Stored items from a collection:
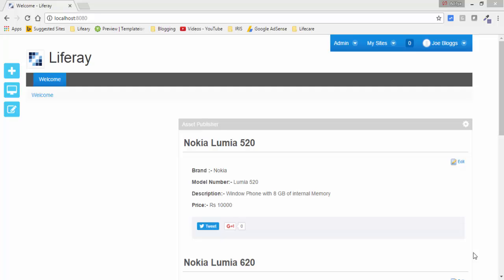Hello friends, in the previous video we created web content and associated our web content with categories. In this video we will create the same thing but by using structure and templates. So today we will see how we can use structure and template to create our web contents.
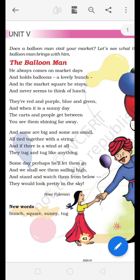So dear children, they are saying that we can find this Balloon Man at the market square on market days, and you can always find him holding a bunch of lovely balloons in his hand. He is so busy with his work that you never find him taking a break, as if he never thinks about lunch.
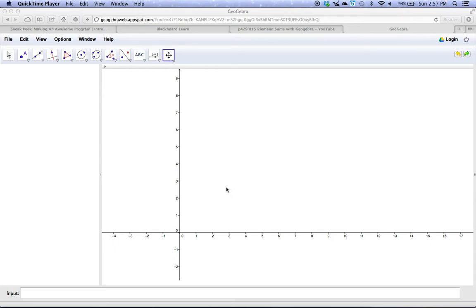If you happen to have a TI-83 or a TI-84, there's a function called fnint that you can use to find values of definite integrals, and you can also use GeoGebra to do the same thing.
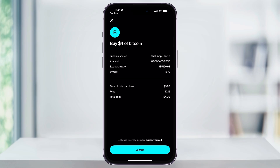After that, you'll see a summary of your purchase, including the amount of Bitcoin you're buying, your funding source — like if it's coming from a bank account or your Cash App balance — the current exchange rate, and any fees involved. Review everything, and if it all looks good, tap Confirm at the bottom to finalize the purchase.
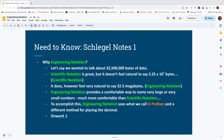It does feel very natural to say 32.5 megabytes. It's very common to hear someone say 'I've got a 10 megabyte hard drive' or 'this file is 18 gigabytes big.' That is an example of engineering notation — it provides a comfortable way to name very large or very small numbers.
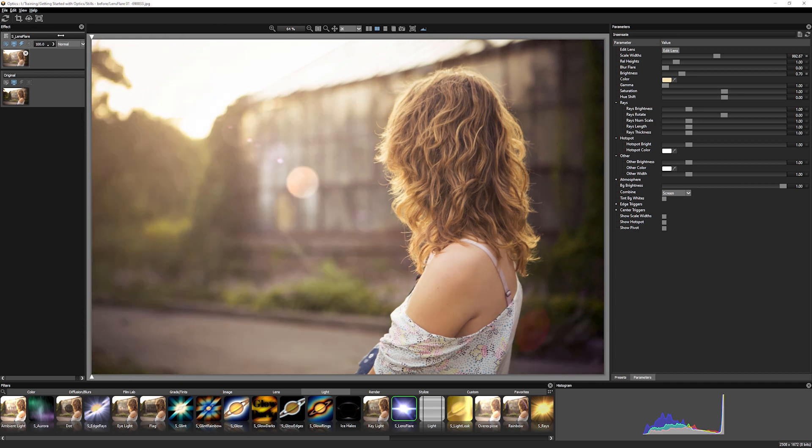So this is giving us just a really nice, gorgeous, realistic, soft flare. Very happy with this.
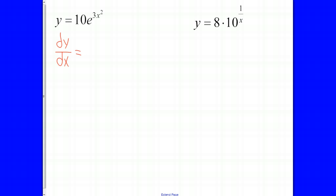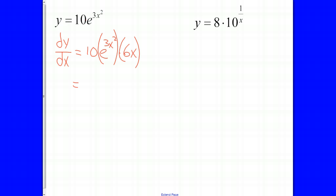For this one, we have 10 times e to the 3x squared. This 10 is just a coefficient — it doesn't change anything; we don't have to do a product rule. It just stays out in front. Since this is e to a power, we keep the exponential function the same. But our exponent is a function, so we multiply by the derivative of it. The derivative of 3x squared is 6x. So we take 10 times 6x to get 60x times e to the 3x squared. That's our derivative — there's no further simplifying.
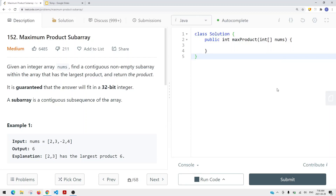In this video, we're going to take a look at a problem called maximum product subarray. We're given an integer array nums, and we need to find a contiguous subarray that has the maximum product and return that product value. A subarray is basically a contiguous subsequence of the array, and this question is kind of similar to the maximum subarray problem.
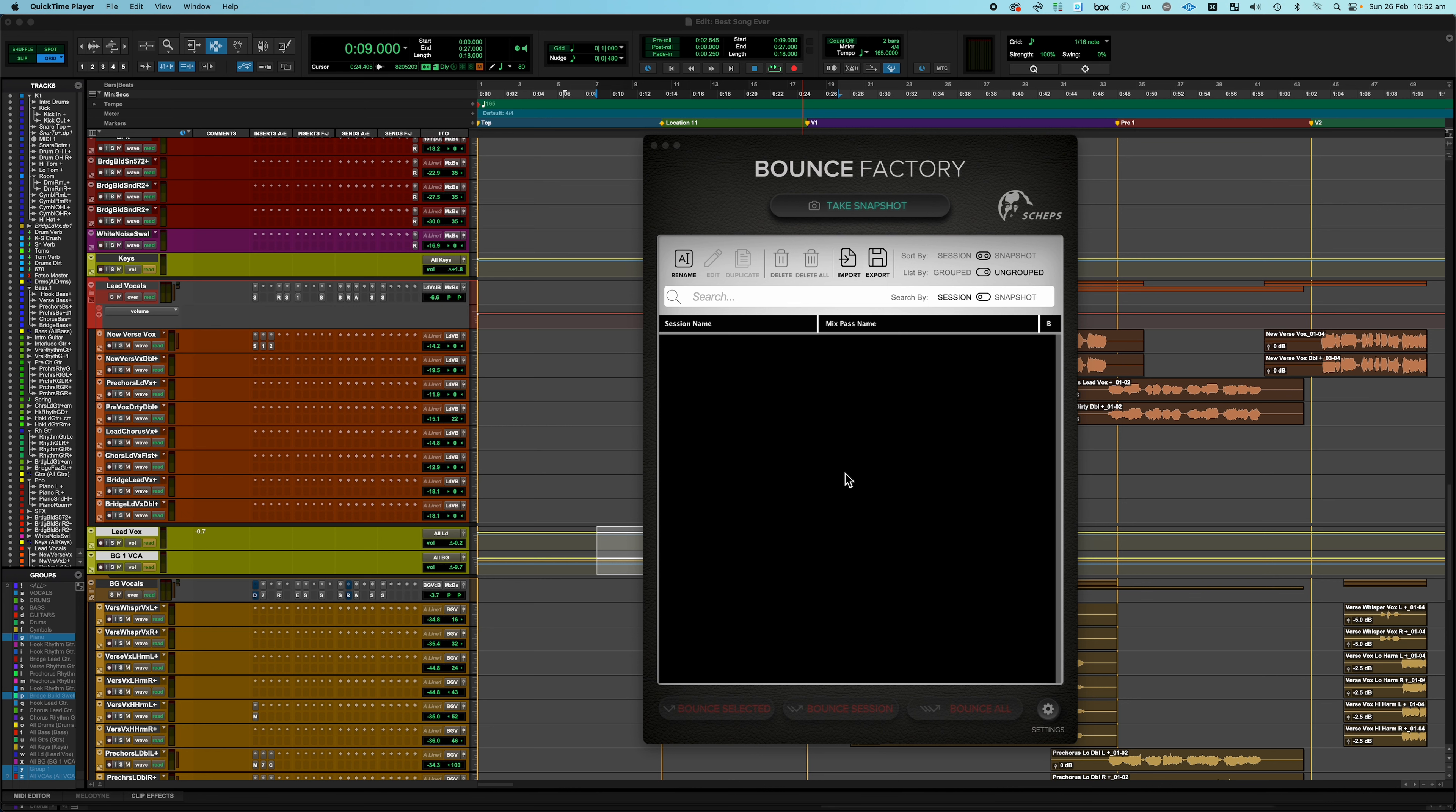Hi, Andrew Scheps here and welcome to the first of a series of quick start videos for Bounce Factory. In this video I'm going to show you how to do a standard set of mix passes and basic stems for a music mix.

*Exercise instructions:* Retype each line above exactly and leave out any picture.

*Worked solution:*
Hello friends, in the previous video we created web content and associated our web content with categories. In this video we will create the same thing but by using structure and templates. So today we will see how we can use structure and template to create our web contents.
So dear children, they are saying that we can find this Balloon Man at the market square on market days, and you can always find him holding a bunch of lovely balloons in his hand. He is so busy with his work that you never find him taking a break, as if he never thinks about lunch.
If you happen to have a TI-83 or a TI-84, there's a function called fnint that you can use to find values of definite integrals, and you can also use GeoGebra to do the same thing.
After that, you'll see a summary of your purchase, including the amount of Bitcoin you're buying, your funding source — like if it's coming from a bank account or your Cash App balance — the current exchange rate, and any fees involved. Review everything, and if it all looks good, tap Confirm at the bottom to finalize the purchase.
It does feel very natural to say 32.5 megabytes. It's very common to hear someone say 'I've got a 10 megabyte hard drive' or 'this file is 18 gigabytes big.' That is an example of engineering notation — it provides a comfortable way to name very large or very small numbers.
So this is giving us just a really nice, gorgeous, realistic, soft flare. Very happy with this.
For this one, we have 10 times e to the 3x squared. This 10 is just a coefficient — it doesn't change anything; we don't have to do a product rule. It just stays out in front. Since this is e to a power, we keep the exponential function the same. But our exponent is a function, so we multiply by the derivative of it. The derivative of 3x squared is 6x. So we take 10 times 6x to get 60x times e to the 3x squared. That's our derivative — there's no further simplifying.
In this video, we're going to take a look at a problem called maximum product subarray. We're given an integer array nums, and we need to find a contiguous subarray that has the maximum product and return that product value. A subarray is basically a contiguous subsequence of the array, and this question is kind of similar to the maximum subarray problem.
Hi, Andrew Scheps here and welcome to the first of a series of quick start videos for Bounce Factory. In this video I'm going to show you how to do a standard set of mix passes and basic stems for a music mix.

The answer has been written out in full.